Don't let the headline scare you, this is actually the easiest grilled halibut recipe I've ever made and is perfect for a weeknight meal.
The salty flavor of the prosciutto complements the grilled halibut (or any fish for that matter) perfectly - salt is a natural flavor enhancer.
The Roasted Red Pepper sauce filling recipe is new and adds a surprising depth of flavor to the halibut.
The sauce uses roasted red peppers in a jar that you can buy from most grocery stores.
In a small food processor or blender combine them with some garlic, grated lemon peel, parmesan cheese and a little olive oil.
Spread a little on each piece of halibut and wrap in prosciutto. It's that easy.
Serves: 2 - 4
Prep Time: 10 minutes
Cook Time: 10 minutes
Direct Heat: 400F - 425F
What you'll need:
For the pepper sauce recipe:
In a small food processor or blender combine the roasted red pepper, lemon rind, garlic and parmesan cheese.
Blend the ingredients until they're well broken down.
Slowly add some of the olive oil and continue blending.
Continue blending and adding just enough olive oil until the mixture is emulsified and resembles a gooey paste.
Taste and season with salt and pepper as needed.
Lay 2 strips of prosciutto on your working surface and lay a piece of the halibut, centered, on top.
Smear some of the red pepper mixture over the halibut.
Fold 1 side of the prosciutto over the halibut and tapenade...
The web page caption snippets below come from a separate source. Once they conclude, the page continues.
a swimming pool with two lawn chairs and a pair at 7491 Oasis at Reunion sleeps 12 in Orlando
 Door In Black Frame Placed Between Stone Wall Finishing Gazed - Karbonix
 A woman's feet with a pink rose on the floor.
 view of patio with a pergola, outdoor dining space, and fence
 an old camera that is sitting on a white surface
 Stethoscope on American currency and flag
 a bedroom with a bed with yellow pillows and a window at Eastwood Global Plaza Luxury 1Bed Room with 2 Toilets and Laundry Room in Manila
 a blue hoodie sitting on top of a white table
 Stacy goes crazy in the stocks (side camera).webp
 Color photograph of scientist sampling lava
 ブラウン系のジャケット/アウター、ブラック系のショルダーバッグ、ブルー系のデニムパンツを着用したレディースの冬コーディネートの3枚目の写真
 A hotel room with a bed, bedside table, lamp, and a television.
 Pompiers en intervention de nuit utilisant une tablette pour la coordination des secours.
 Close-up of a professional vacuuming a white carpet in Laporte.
...then fold the other side over.
Rub both sides of fish packets with a little olive oil.
If you need to you can secure the prosciutto with a toothpick, just remove it before serving.
Set up the grill for Direct cooking and preheat to 400F - 425F.
Oil the grates of your grill to prevent sticking.
When the grill reaches cooking temperature carefully place the prosciutto wrapped halibut on the grill.
Close the lid and wait 5 minutes.
After 5 minutes lift the lid and peek under one of the grilled halibut pieces and look for grill marks.
If your happy with the grill marks very carefully roll each piece over using a spatula.
Close the lid for another 5 - 6 minutes.
Lift the lid and check the fish, it should be opaque and flake easily with a fork.
Carefully remove the grilled halibut to a plate and serve immediately.